Season of calving explained a significant variation for all productive traits (p < 0.05). The LSM highest estimates for TMY, 305-dMY, and DMY (9850 ± 119 kg, 9047 ± 101 kg, and 29.9 ± 0.45 kg, respectively) were observed in autumn. However, the lowest estimate for TMY (9522 ± 123 kg) was observed in winter, whereas the lowest estimates for 305-dMY (8221 ± 166 kg) and DMY (26.5 ± 0.68 kg) were observed in spring. The length of DIM was significantly different across seasons. The DIM was significantly longer in spring and shorter in autumn.

Year of calving significantly affected all the studied productive traits (p < 0.05). Cows calved in 2013 had significantly longer DIM (417 ± 12.5 days), compared with other years. On the contrary, the LSM for TMY (8575 ± 288 kg), 305-dMY (7112 ± 214 kg), and DMY (22.5 ± 1.08 kg) were significantly lower for cows calving in 2013. On the other hand, DIM (313 ± 14.5 days) was significantly shorter for dams that calved in 2020. However, cows that calved in 2017 had significantly greater TMY (10656 ± 137 kg), 305-dMY (9522 ± 142 kg), and DMY (30.7 ± 0.51 kg). It could be observed from Table 3 that the LSM of TMY for calving years (2012 to 2015) was significantly different from the other years.
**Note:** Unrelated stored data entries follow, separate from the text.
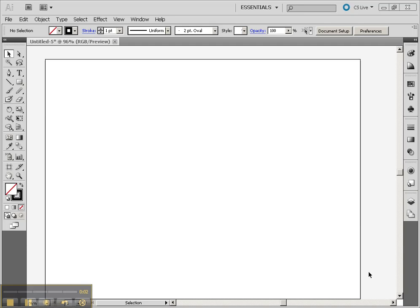In this tutorial we're going to take a look at the new perspective grid tool so that we can draw boxes the CS5 way using the actual 3D grid in Illustrator.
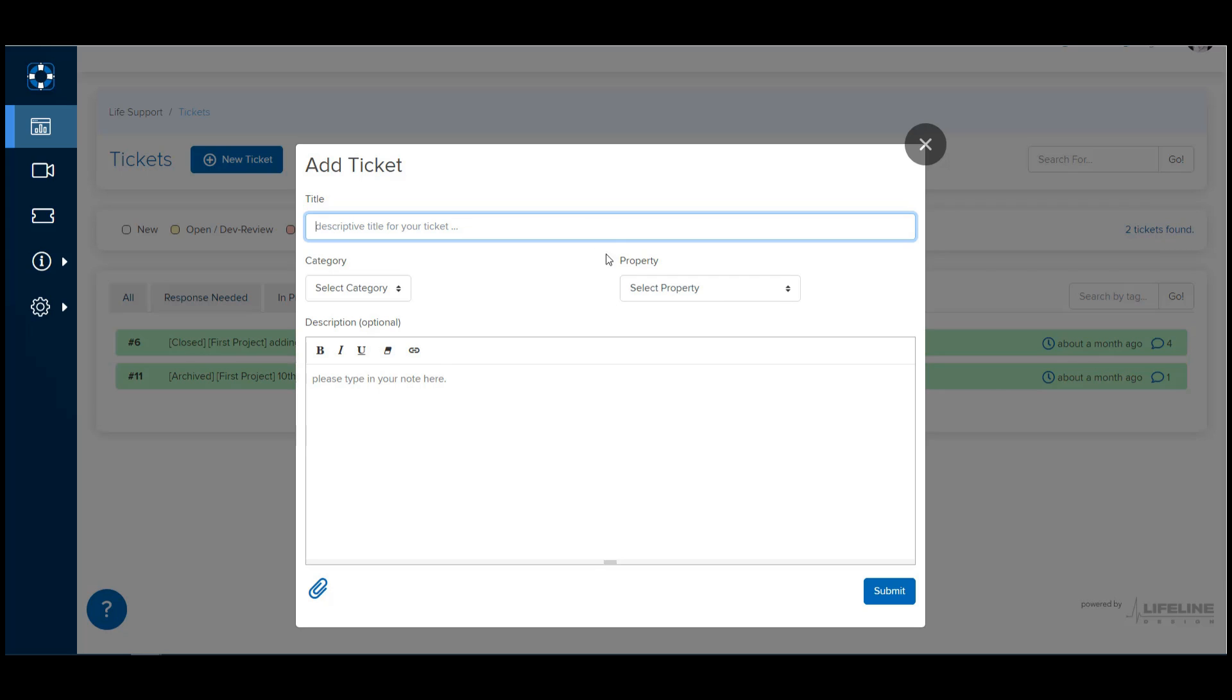Similarly, if we have any sort of capital projects or new product implementations, you are going to see a category drop-down that will let you tell us if this request is just a general maintenance request or something to do with a project that's ongoing. But if you don't have anything like that going on, this drop-down won't appear either.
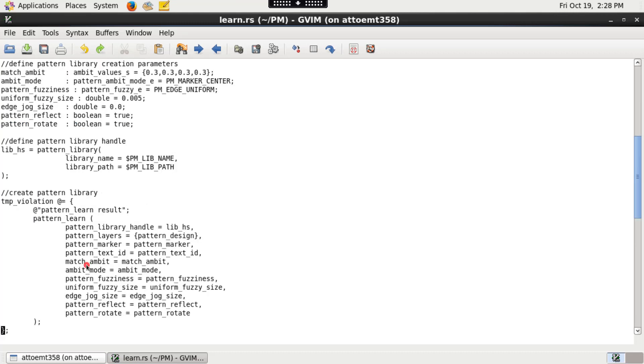You will also need to specify pattern extent layer to define the boundary region of a source pattern.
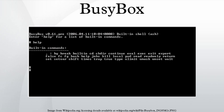BusyBox would see that its name is LS, and act like the LS program. Commands: the official BusyBox documentation lists an overview of the available commands and their command line options. Some of them are.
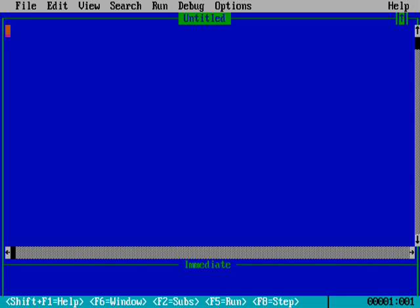We are starting by numbering the lines. Line number 10 is CLS, which is the clear screen command.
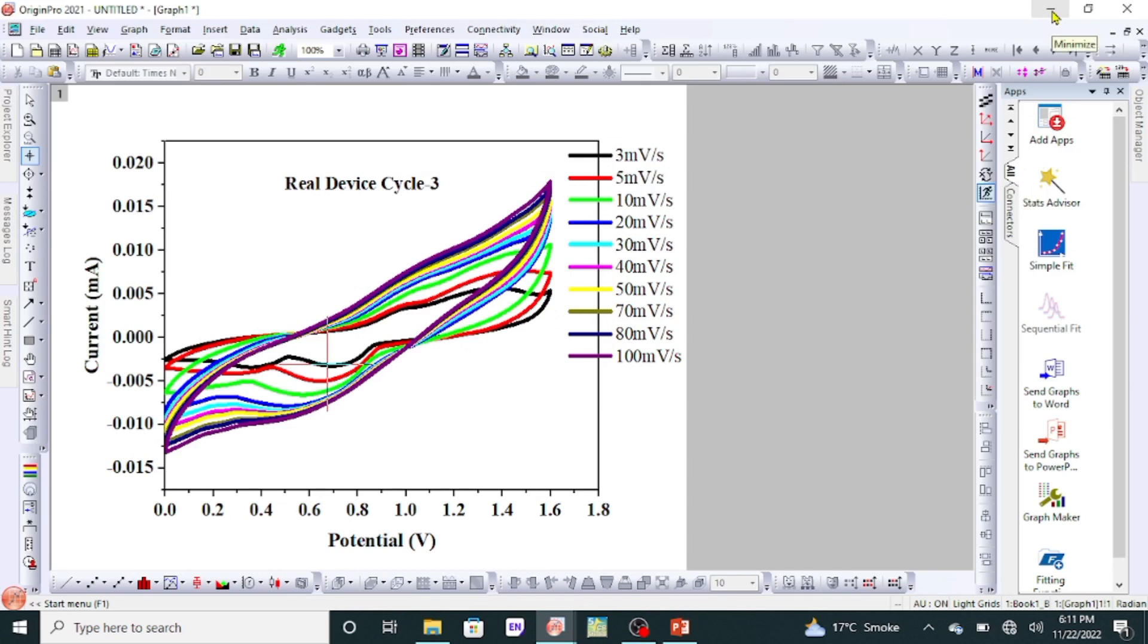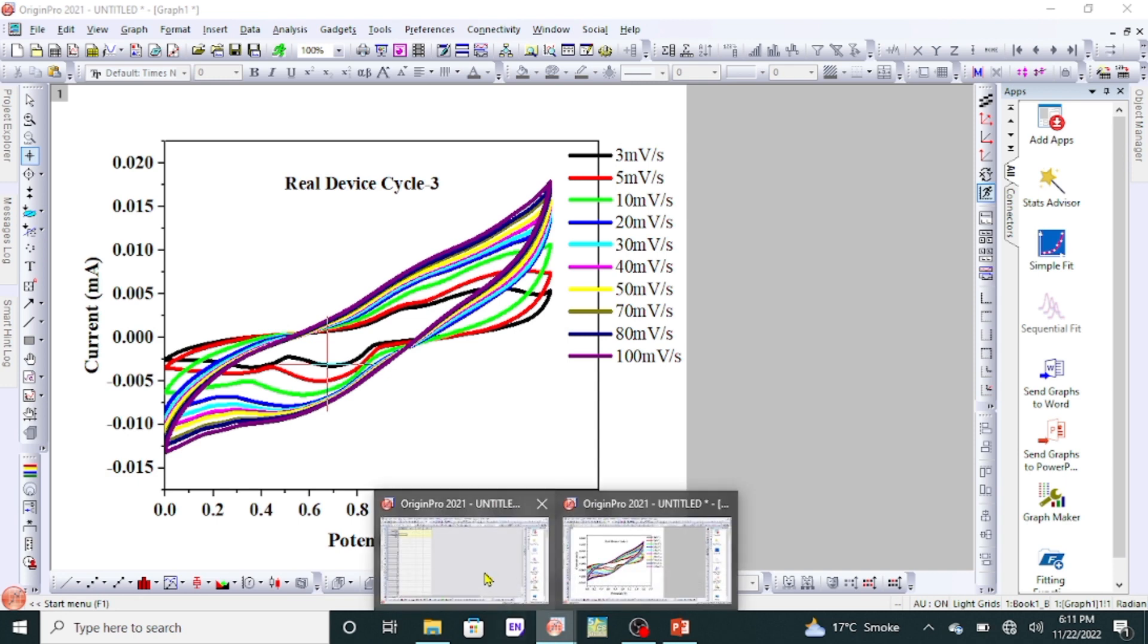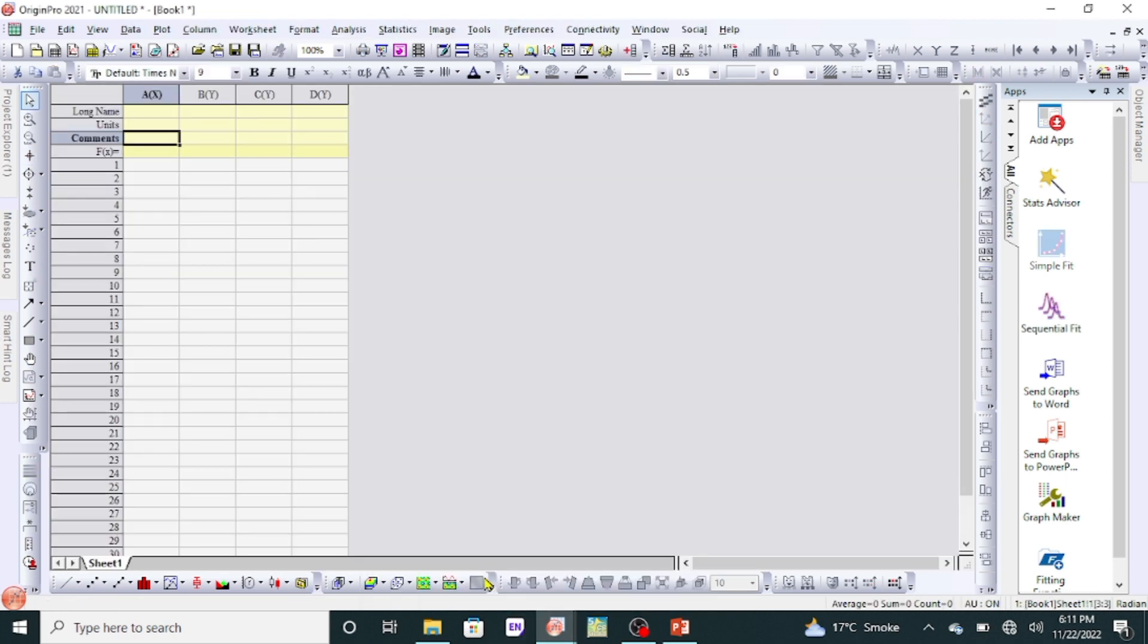Assalamu alaikum. Today we want to learn how to draw a v-value graph from the CV graph of a real device. First of all, we have to open Origin Lab and you will see two columns by default.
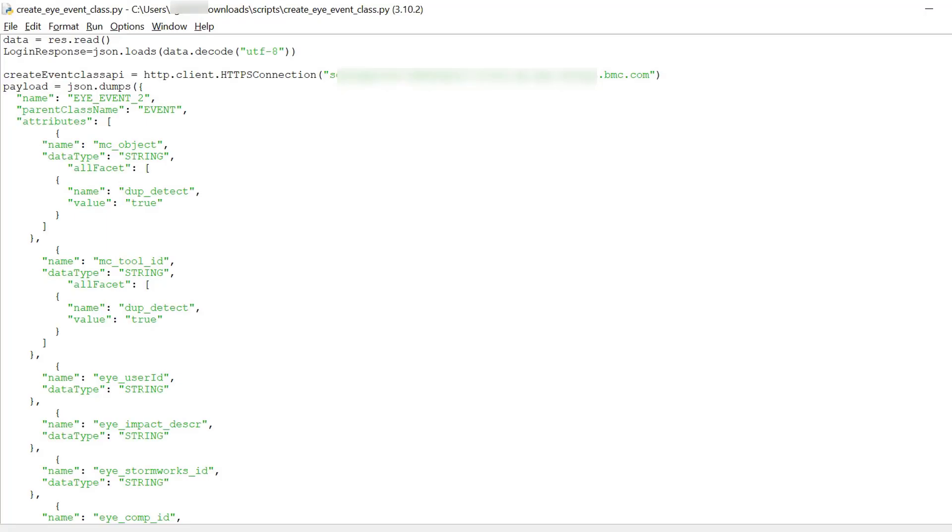Now we will see how to create a new event class in BMC using a Python script.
In contrast to the findings of the present study, many studies have shown that pure Holstein cows tended to have higher total milk yield, and consequently higher daily milk yield than MO x HO crossbred cows during a uniformed lactation period of 305 days. Heins et al. (2006) reported that pure Holstein cows had significantly higher 305-days milk yield (9757 kg) than MO x HO cows (9161 kg) during the first lactation. Likewise, Heins and Hansen (2012) found that pure Holstein cows had significantly higher 305-day milk yield (11417 kg), compared to MO x HO crossbred cows (10744 kg) across the first five lactations. Hazel et al. (2014) observed higher 305-dMY for pure HO cows versus MO xHO crossbreds without significant difference during their first five lactations. Furthermore, Hazel et al. (2013) reported that MO x HO crossbred cows had significantly lower total milk yield, compared to pure HO cows during the first 150 days of the first lactation. Likewise, 305-dMY was lower for MO x HO crossbred, compared to HO cows without significant difference.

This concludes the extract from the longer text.